Legislator dari Fraksi PKS ini punya program Habib Idrus Academy (HIA) yang berupaya menciptakan alternatif bagi masyarakat untuk dapat penghasilan lewat peluang digital yang halal dan produktif.
“HIA memberikan pelatihan berbagai peluang di dunia digital. Dengan ini, masyarakat punya alternatif mencari nafkah yang lebih baik. Ketika mereka dapat penghasilan yang layak, ketertarikan terhadap judi online akan menurun secara alami. HIA ini adalah program reguler yang sudah berlangsung dan akan terus berlangsung, ” jelas Idrus dalam keterangannya, Senin 4 November 2024.
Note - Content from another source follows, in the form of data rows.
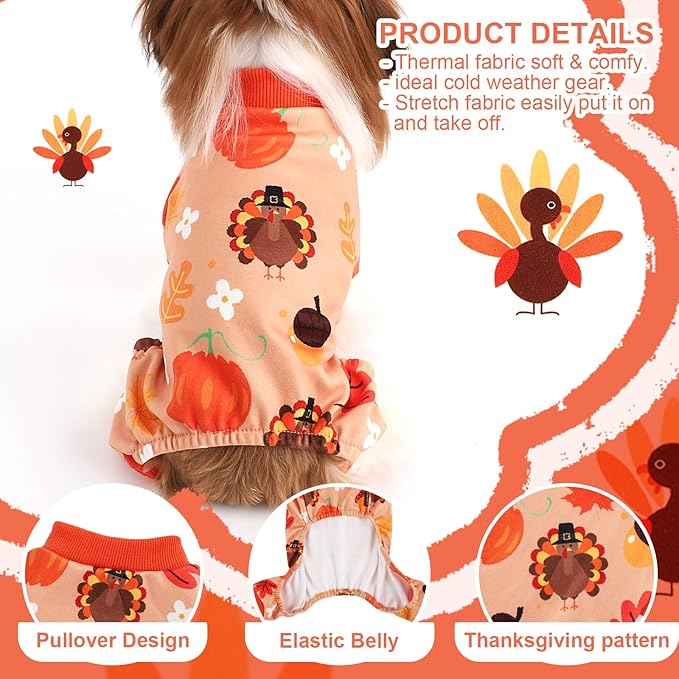 Thanksgiving Dog Outfit Turkey Pumpkin Dog Pajamas Doggie Pjs Pet Jumpsuit Puppy Thanksgiving Clothes Costume Fall Winter Doggy Clothes for Small Dogs Boy Girl, Cat Onesies, XS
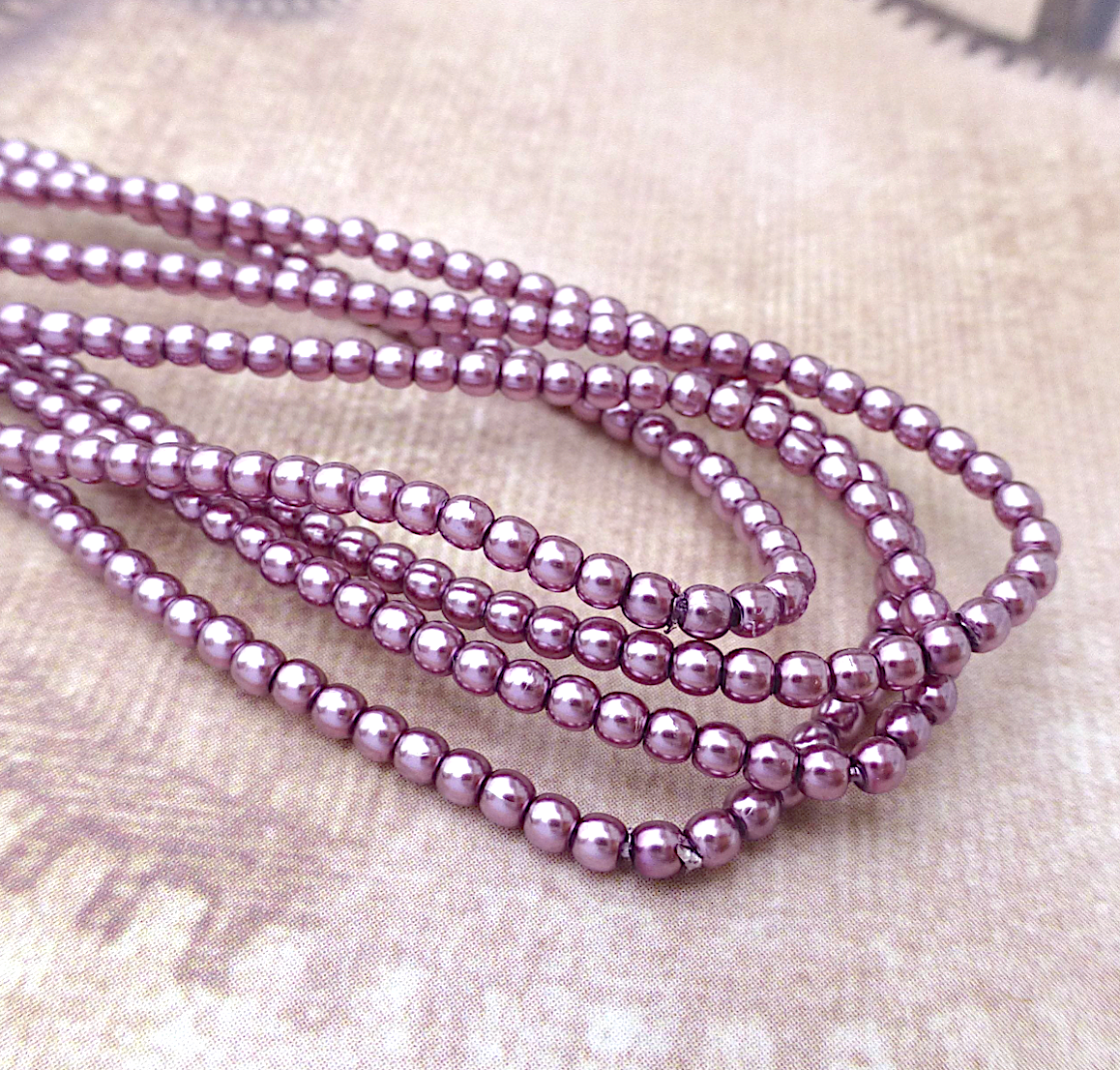 Fuchsia Round Czech Glass Pearls 2mm Strand of 150 beads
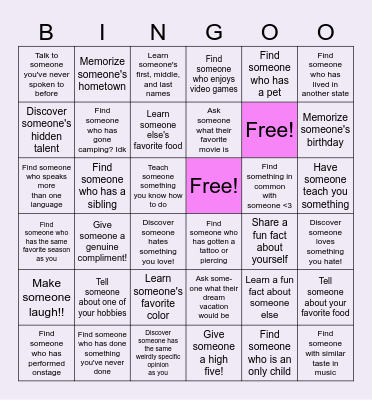 Getting to knowwww youuuu~ Bingo Card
Idrus juga menambahkan, pelatihan yang diselenggarakan HIA ini mencakup berbagai bidang, mulai dari pemasaran digital, kewirausahaan online, hingga keterampilan teknologi. "Tidak menutup kemungkinan akan ditambah dengan keterampilan lainnya yang sesuai dengan kebutuhan masyarakat," kata Idrus.
Dia berharap inisiatif ini tidak hanya membantu masyarakat meraih penghasilan, tetapi juga menjadi bagian dari solusi mengentaskan kemiskinan struktural.
Dengan visi memberdayakan masyarakat secara digital, Idrus ingin membuktikan komitmennya untuk mendukung program pemerintah dan mengawal generasi muda agar terhindar dari pengaruh negatif judi online.
"Inisiatif ini diharapkan menjadi salah satu solusi nyata bagi permasalahan ekonomi dan sosial yang dihadapi banyak keluarga di Indonesia,” harapnya.
Untuk diketahui, sampai pertengahan Juni 2024 lalu, jumlah korban judi online di Indonesia yang telah dipetakan pemerintah mencapai 2,37 juta penduduk. Dari jumlah tersebut, 2 persen di antaranya adalah anak-anak berusia di bawah 10 tahun. Itu berarti ada sedikitnya 80.000 anak di bawah 10 tahun terdeteksi bermain judol.
Dari data itu, 80 persen di antaranya merupakan kalangan menengah ke bawah. Mereka masuk dalam klaster nominal transaksi antara Rp10.000 sampai Rp100.000. Untuk klaster nominal transaksi kelas menengah ke atas antara Rp100.000 sampai Rp 40 miliar.